Greensill Downfall Spurred by Sydney Insurance Exec’s Firing
(Bloomberg) -- The debacle that led to the unraveling of Lex Greensill’s trade-finance empire began with the firing of a manager at a Sydney unit of insurance giant Tokio Marine Holdings Inc. last year.
After the July 8 dismissal by Bond & Credit Company of Greg Brereton, the firm decided not to renew credit-insurance policies covering billions of dollars of Greensill’s loans, according to Australian court documents obtained by Bloomberg. The decision helped bring Greensill Capital to the brink of insolvency this week.

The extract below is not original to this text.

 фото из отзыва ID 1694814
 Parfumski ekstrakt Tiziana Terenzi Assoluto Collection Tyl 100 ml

Regulators and lawmakers alike are piecing together how Greensill, which was advised by ex-U.K. Prime Minister David Cameron and backed by pillars of the financial establishment, including Credit Suisse Group AG, came apart within a matter of days.

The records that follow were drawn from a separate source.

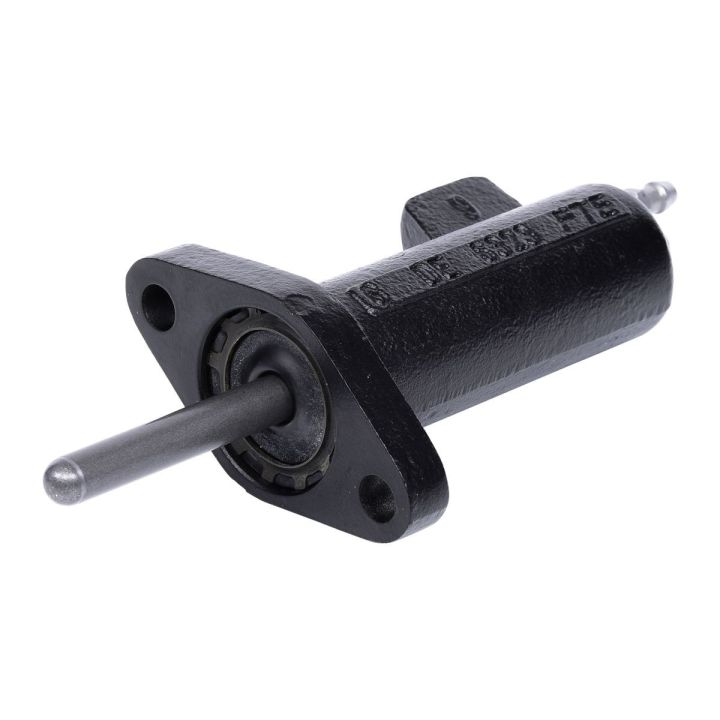 Darbinis cilindras, sankaba ATE 24.2523-0903.3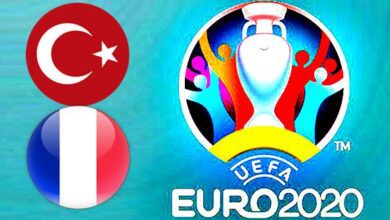 Türkiye - Fransa Maçını Kim Kazanır?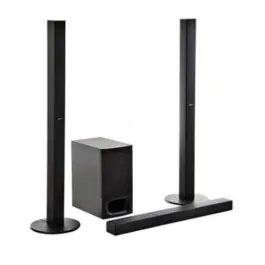 product-inner-ac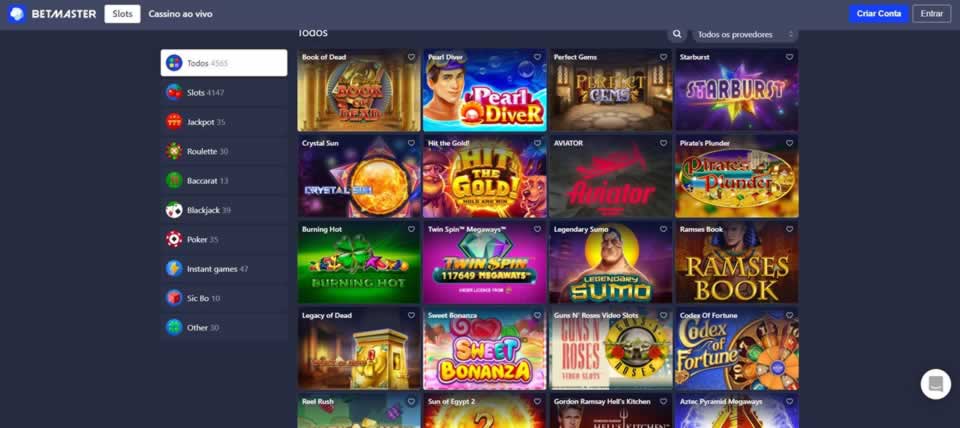 Bbb bet casino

Executives at BCC and Tokio Marine didn’t respond to requests for comment. Brereton didn’t respond to a request for comment sent via LinkedIn.
The court documents were filed March 1 at the Supreme Court of New South Wales as part of a futile effort by Greensill for an injunction to keep the policies from lapsing. They suggest that Brereton, who had been head of trade credit at BCC, played a key role in helping Greensill obtain the insurance. He was dismissed for acting “outside the scope of his delegated authority,” the documents show.

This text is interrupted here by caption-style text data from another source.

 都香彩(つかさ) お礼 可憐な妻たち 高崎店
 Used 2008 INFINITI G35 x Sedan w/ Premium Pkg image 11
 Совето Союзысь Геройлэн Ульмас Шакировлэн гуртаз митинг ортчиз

Brereton’s alleged role and dismissal was earlier reported by the Australian Financial Review.
BCC’s 2020 decision not to extend Greensill’s credit insurance dovetailed with mounting regulatory scrutiny of Greensill Bank AG and its exposures to British-Indian industrialist Sanjeev Gupta. The two sets of events, thousands of miles apart, helped bring the firm to its breaking point.
The Australian company had policies with Greensill from at least early 2019, and the relationship continued after Tokio Marine bought BCC in April of that year, the documents show. According to a press release announcing that acquisition, BCC had just 24 employees and produced gross written premium of A$36 million ($28 million) in the year ended June 20, 2018.
BCC wrote more than A$10 billion of insurance policies for Greensill, which was its biggest customer, the documents show.
But trouble began to brew around May 2020 when Brereton’s employer halted further transactions and began to examine the relationship, according to the documents.
“Specific instructions were provided that no new exposures were to be bound and no extensions granted to Greensill on 28 May 2020,” a lawyer for Tokio Marine wrote in a July email. “Note that all existing limits on Greensill buyers have been set to nil in our policy system.”
Greensill’s brokers at Marsh acknowledged the new regime, yet still held out hope: “we both welcome a long term partnership with your firm,” according to an email quoted in the court filing.
The Australian Prudential Regulatory Authority and the Australian Securities and Exchange Commission are monitoring the situation.